(Extracted data entries)
Segment Open
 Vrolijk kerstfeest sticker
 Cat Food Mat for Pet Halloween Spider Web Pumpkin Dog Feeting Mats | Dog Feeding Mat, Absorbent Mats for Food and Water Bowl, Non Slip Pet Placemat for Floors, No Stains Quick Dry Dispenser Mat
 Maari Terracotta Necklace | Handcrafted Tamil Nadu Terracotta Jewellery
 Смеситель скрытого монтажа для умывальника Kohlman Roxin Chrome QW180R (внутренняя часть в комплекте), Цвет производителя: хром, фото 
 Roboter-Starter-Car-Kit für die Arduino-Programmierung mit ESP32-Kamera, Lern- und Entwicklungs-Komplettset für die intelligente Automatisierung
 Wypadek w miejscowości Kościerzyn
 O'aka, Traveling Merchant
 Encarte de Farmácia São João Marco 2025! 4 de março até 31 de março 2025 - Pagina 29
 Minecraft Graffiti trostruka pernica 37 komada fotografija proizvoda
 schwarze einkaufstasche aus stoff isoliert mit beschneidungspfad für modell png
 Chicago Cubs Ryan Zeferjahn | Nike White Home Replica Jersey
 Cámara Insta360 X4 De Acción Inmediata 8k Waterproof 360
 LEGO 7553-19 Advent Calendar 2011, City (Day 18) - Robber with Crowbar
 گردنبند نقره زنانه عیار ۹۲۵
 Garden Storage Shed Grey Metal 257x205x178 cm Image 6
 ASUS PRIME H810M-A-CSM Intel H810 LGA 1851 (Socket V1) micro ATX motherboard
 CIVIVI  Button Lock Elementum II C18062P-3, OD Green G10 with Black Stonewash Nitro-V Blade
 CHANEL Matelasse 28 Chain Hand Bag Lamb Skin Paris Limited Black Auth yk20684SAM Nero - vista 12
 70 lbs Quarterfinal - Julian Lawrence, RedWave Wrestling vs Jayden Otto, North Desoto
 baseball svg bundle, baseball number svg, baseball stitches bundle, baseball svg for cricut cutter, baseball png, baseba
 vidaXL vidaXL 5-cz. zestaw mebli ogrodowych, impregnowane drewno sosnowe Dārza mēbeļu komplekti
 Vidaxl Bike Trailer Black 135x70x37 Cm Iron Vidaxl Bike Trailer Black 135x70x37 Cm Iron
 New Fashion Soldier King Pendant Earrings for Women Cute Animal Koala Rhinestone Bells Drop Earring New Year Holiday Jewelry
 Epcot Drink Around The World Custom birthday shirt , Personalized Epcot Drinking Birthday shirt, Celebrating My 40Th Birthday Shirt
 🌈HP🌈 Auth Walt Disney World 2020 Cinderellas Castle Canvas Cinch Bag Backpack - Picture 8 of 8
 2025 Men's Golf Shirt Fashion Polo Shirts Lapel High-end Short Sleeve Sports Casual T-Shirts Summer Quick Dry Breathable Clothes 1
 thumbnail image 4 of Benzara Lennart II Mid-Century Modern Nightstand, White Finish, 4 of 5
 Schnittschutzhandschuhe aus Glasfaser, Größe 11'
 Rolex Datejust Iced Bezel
Segment Closed
Exact duplication is required for the lines above, from the line that contains "Garden Storage Shed" to the line that contains "Stonewash Nitro-V Blade", inclusive; omit all others.

▶ **EXERCISE SOLUTION**:
 Garden Storage Shed Grey Metal 257x205x178 cm Image 6
 ASUS PRIME H810M-A-CSM Intel H810 LGA 1851 (Socket V1) micro ATX motherboard
 CIVIVI  Button Lock Elementum II C18062P-3, OD Green G10 with Black Stonewash Nitro-V Blade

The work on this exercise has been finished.